◆ Data for the task
------------------------------------------------------------
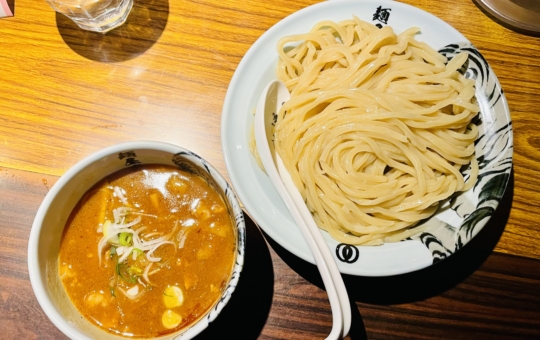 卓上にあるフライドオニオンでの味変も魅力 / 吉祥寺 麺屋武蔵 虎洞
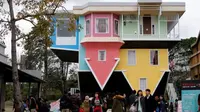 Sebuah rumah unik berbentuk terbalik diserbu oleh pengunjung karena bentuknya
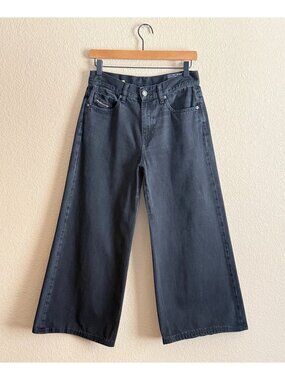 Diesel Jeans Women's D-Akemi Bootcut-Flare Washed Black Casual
------------------------------------------------------------
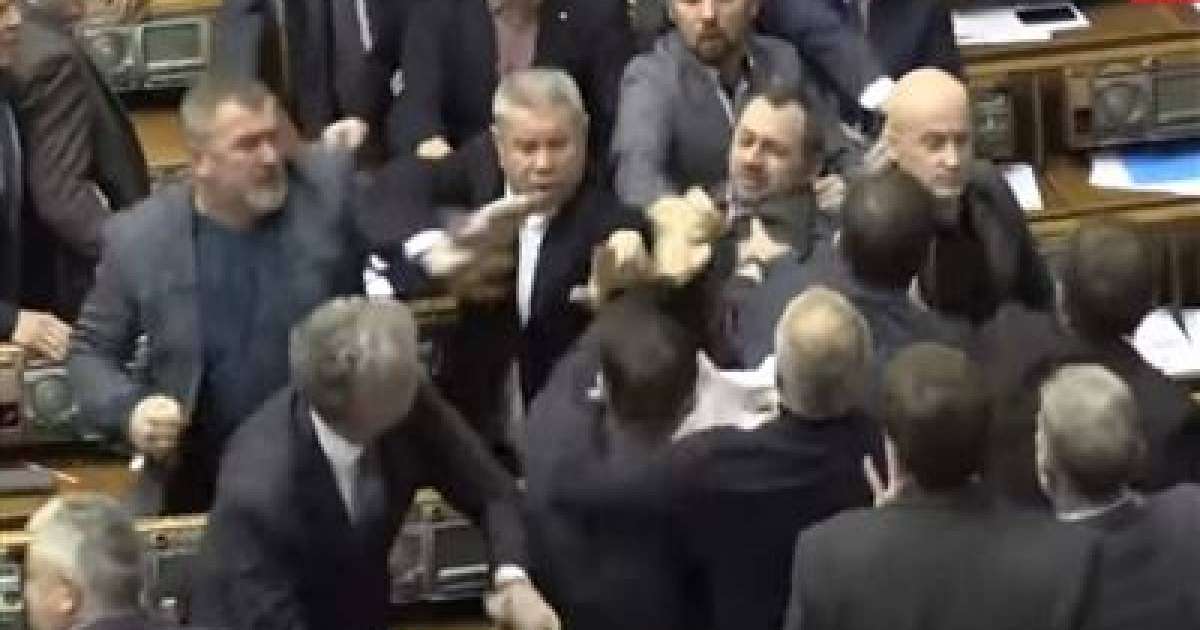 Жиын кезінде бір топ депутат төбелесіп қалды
------------------------------------------------------------
◆ What is needed
Print the line above containing "卓上にあるフライドオニオンでの味変も魅力 / 吉祥寺 麺屋武蔵 虎洞", the line containing "Diesel Jeans Women's", and everything between them, exactly as written. Pictures stay out.

◆ Response
 卓上にあるフライドオニオンでの味変も魅力 / 吉祥寺 麺屋武蔵 虎洞
 Sebuah rumah unik berbentuk terbalik diserbu oleh pengunjung karena bentuknya
 Diesel Jeans Women's D-Akemi Bootcut-Flare Washed Black Casual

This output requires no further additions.